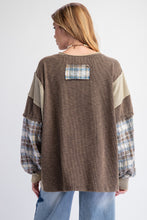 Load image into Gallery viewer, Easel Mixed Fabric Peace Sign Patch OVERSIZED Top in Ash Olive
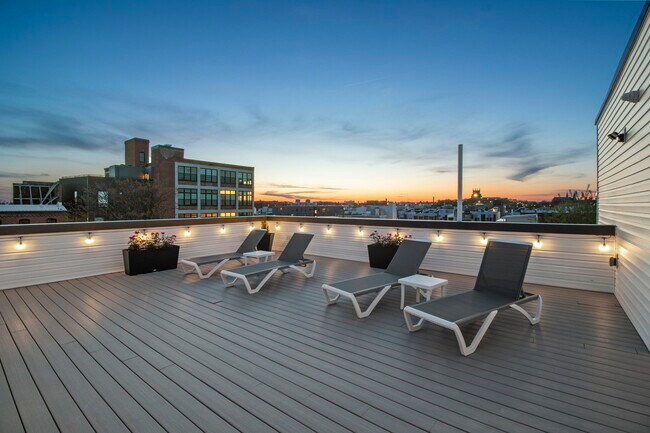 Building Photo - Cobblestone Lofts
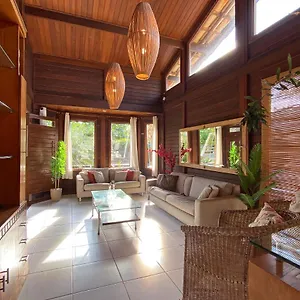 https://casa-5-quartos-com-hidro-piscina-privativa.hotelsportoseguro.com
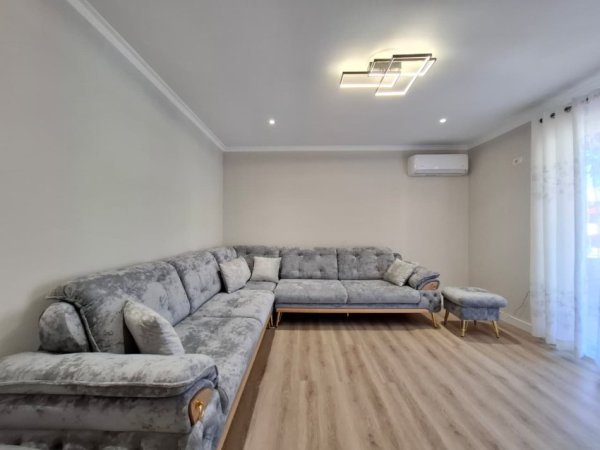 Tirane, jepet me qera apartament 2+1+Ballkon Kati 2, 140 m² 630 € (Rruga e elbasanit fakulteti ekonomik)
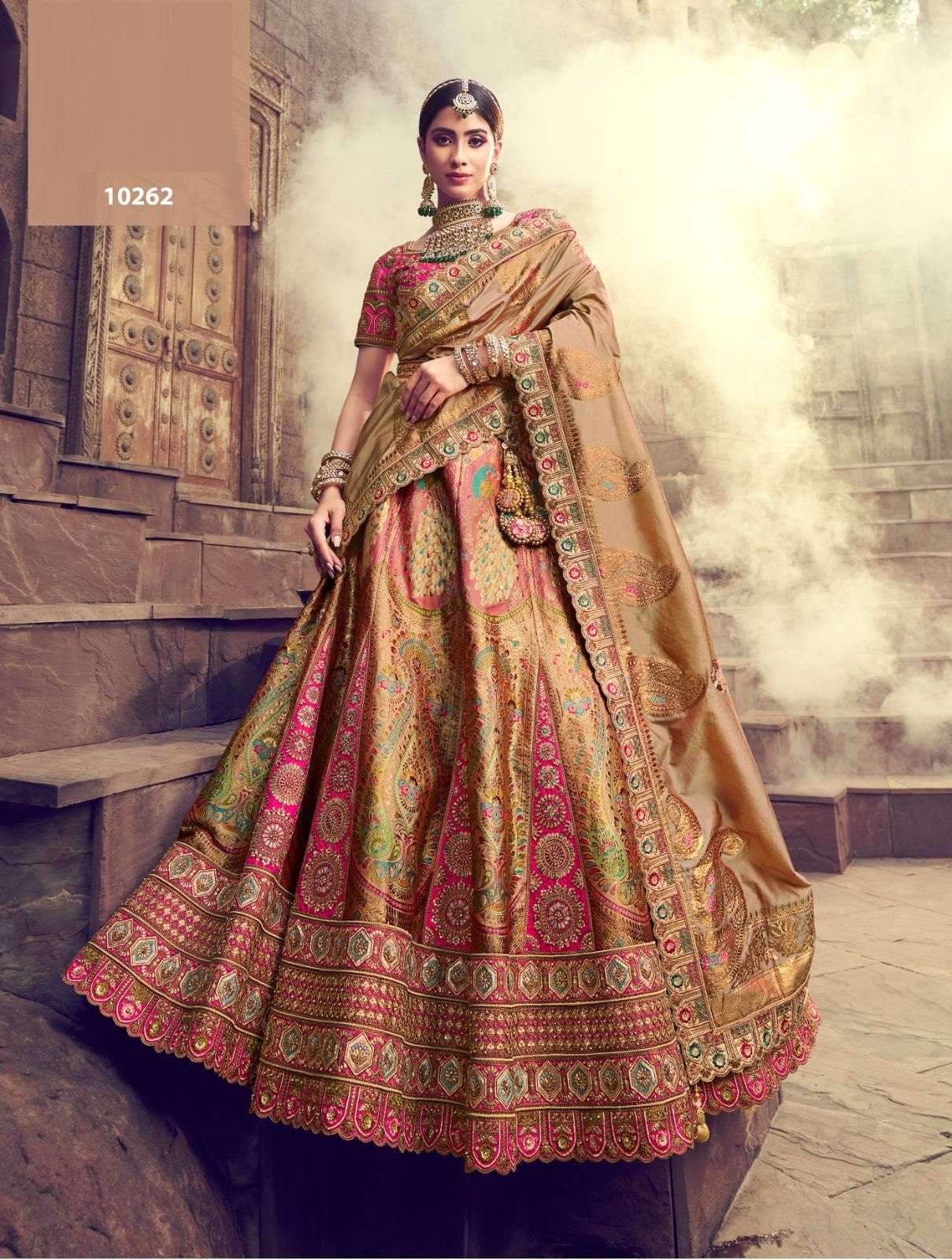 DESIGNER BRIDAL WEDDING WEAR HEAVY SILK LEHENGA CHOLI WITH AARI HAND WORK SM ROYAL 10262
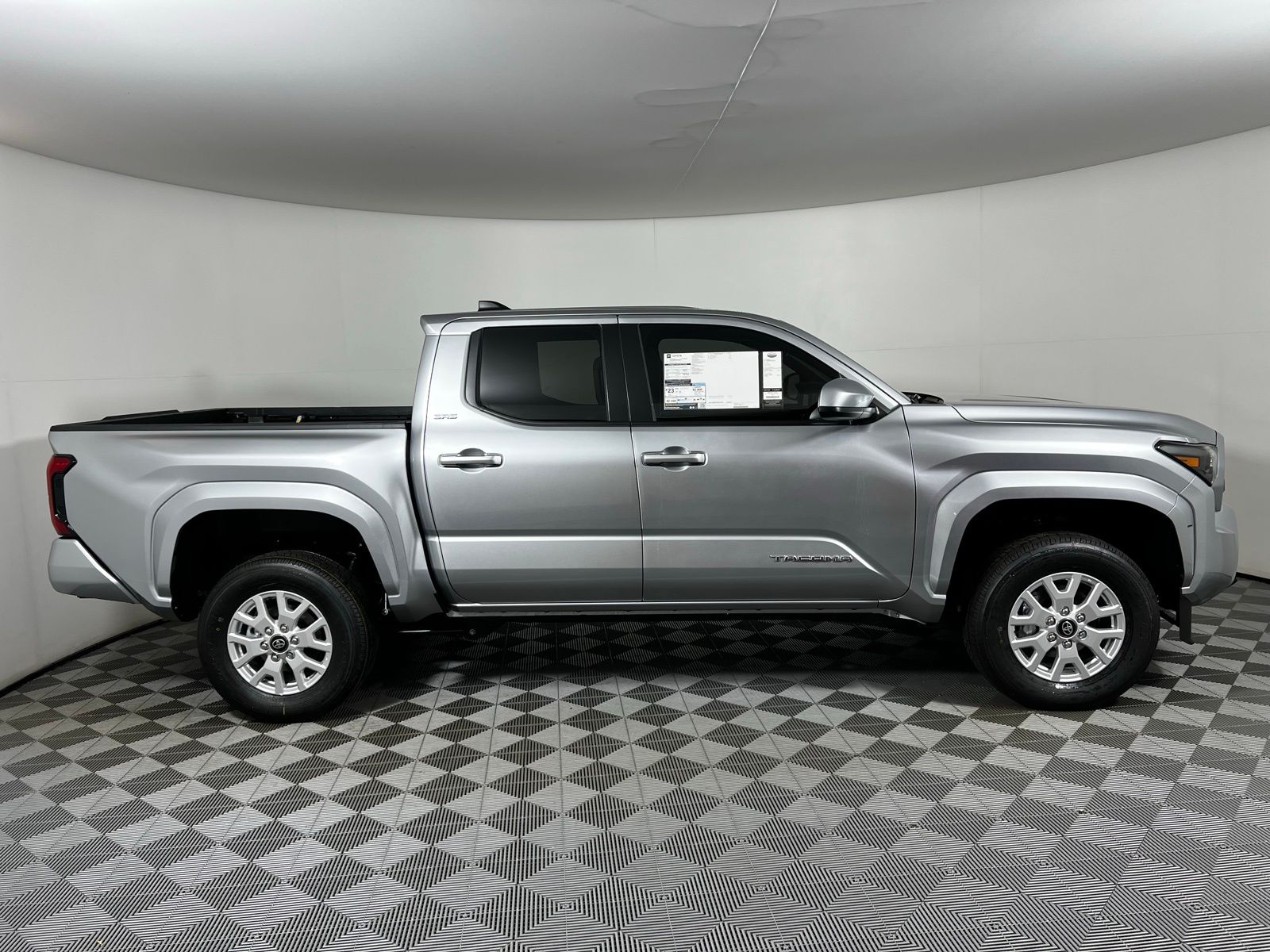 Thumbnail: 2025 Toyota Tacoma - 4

····················

Exercise description — The lines wanted run from the one with "DESIGNER BRIDAL WEDDING" through the final line of the data; repeat them word for word and skip every picture.

Task response —
 DESIGNER BRIDAL WEDDING WEAR HEAVY SILK LEHENGA CHOLI WITH AARI HAND WORK SM ROYAL 10262
 Thumbnail: 2025 Toyota Tacoma - 4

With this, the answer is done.